- _Data excerpt_:

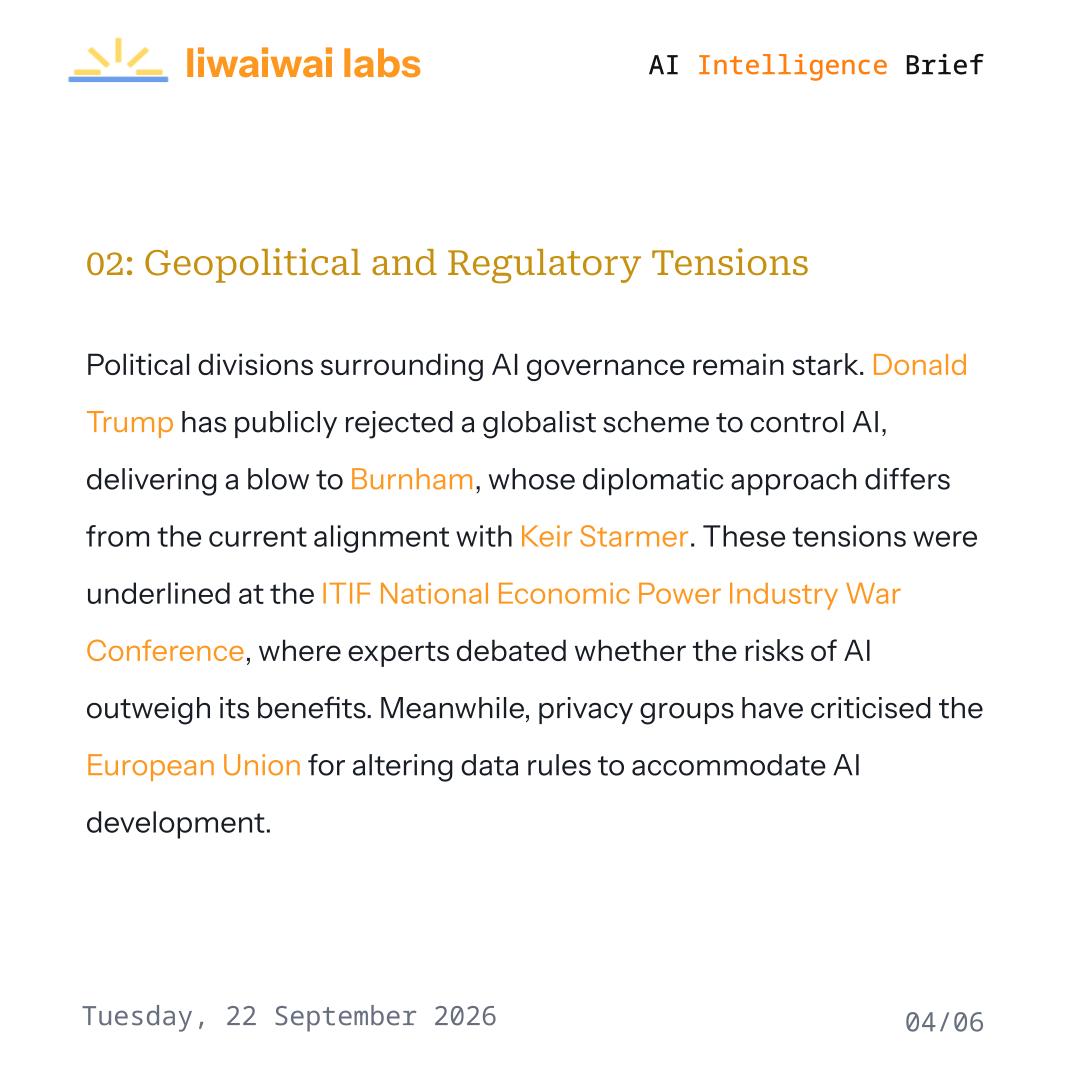 liwaiwaicom's tweet photo. Get ahead of the curve this #week with curated #Intelligence from #liwaiwai

Discover more at https://t.co/Bnqkt8pG88

#Liwaiwai #IntelligenceBrief #AIAgents #Anthropic #OpenAI #GPT6Luna #ClaudeOpus #Claude #NVIDIA #AIGovernance #AIRegulation #Trump #AWS https://t.co/pIQvgiACrz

- _Activity_: From the line that contains "Discover more at https://t.co/Bnqkt8pG88" through the final line of the material, copy every line exactly, including both ends.

- _Output_:
Discover more at https://t.co/Bnqkt8pG88

#Liwaiwai #IntelligenceBrief #AIAgents #Anthropic #OpenAI #GPT6Luna #ClaudeOpus #Claude #NVIDIA #AIGovernance #AIRegulation #Trump #AWS https://t.co/pIQvgiACrz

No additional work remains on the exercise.